──────── Source material ────────

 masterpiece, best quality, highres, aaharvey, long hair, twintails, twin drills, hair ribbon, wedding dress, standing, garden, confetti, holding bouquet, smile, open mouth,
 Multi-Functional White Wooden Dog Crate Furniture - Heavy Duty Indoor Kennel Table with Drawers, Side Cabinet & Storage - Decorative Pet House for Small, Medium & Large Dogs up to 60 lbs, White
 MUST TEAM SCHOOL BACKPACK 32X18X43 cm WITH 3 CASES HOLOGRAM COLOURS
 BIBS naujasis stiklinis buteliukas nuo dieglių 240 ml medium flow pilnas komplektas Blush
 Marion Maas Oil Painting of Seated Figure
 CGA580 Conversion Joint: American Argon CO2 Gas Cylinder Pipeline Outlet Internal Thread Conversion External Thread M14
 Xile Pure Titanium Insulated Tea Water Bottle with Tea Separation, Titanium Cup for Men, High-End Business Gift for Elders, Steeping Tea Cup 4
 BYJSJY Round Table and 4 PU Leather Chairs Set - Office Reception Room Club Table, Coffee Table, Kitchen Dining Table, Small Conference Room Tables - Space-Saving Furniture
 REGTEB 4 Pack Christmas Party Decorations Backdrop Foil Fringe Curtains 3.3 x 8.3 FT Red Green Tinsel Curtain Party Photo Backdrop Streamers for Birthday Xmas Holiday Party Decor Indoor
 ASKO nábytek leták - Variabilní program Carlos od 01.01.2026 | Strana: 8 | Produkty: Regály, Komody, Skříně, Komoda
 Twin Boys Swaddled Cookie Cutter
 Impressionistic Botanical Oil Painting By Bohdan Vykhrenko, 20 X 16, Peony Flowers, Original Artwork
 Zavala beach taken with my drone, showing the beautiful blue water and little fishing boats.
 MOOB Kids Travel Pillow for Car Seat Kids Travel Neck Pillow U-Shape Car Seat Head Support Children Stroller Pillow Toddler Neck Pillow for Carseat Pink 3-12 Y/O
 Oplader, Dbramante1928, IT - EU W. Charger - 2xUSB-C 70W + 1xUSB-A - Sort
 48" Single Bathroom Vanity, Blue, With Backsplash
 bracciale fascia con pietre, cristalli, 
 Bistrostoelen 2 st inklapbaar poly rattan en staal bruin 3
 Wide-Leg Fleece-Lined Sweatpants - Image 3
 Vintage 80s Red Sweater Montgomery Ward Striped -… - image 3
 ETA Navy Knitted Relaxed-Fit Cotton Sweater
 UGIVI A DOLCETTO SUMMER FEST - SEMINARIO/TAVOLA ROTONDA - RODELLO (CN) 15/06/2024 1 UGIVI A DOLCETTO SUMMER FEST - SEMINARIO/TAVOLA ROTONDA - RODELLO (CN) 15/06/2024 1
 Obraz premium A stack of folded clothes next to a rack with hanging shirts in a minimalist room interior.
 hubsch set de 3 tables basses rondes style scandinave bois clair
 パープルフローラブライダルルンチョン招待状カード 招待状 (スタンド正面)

────────

Copy out every line from the data above that has "Small" in it.

▸ Response area:
 Multi-Functional White Wooden Dog Crate Furniture - Heavy Duty Indoor Kennel Table with Drawers, Side Cabinet & Storage - Decorative Pet House for Small, Medium & Large Dogs up to 60 lbs, White
 BYJSJY Round Table and 4 PU Leather Chairs Set - Office Reception Room Club Table, Coffee Table, Kitchen Dining Table, Small Conference Room Tables - Space-Saving Furniture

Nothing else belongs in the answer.